[Captioned web images]
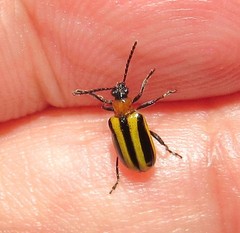 Lema confusa virgata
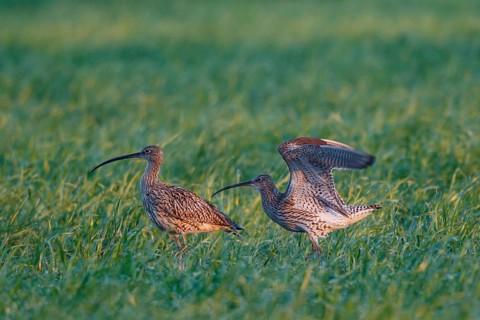 Eurasian Curlew (Numenius arquata) pair displaying, North Rhine-Westpalia, Germany
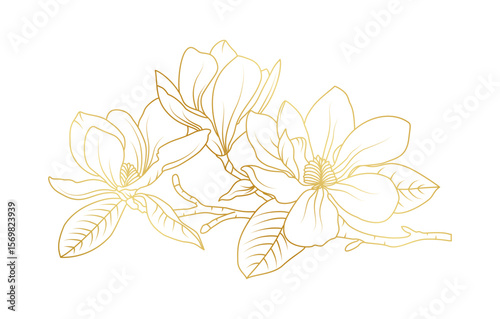 Golden magnolia flowers line art isolated on white background. Luxury magnolia floral design elements for invitation, wedding, wallpaper, print template, vector illustration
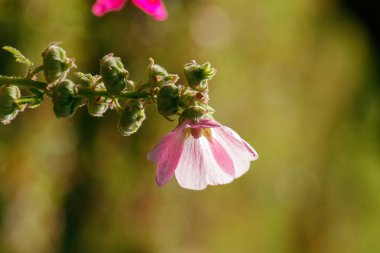Sezar'ın kıllı dikenleri ile çileli çiy zehirli bir bitkidir
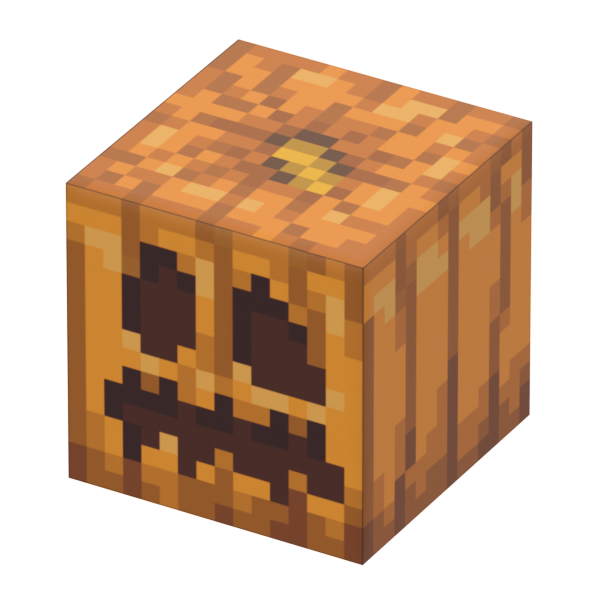 Pack Pumpkin (5pcs)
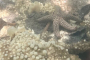 Don Pedro Island Kayaking Eco Tour
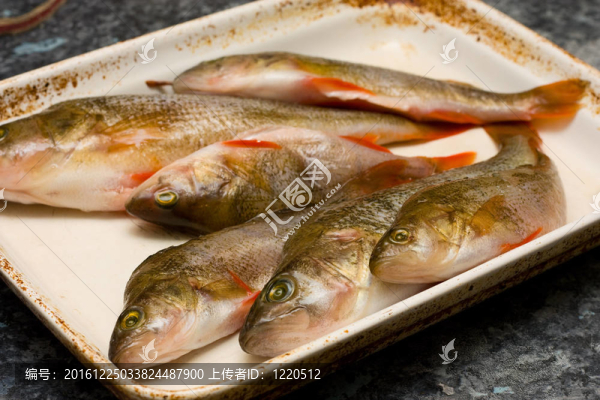 準備好的鱸魚。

- TASK PROMPT -
All lines from the one holding "Pack Pumpkin (5pcs)" through the last line of the entries, and nothing else, are to be output exactly; leave out the pictures.

- YOUR RESPONSE -
 Pack Pumpkin (5pcs)
 Don Pedro Island Kayaking Eco Tour
 準備好的鱸魚。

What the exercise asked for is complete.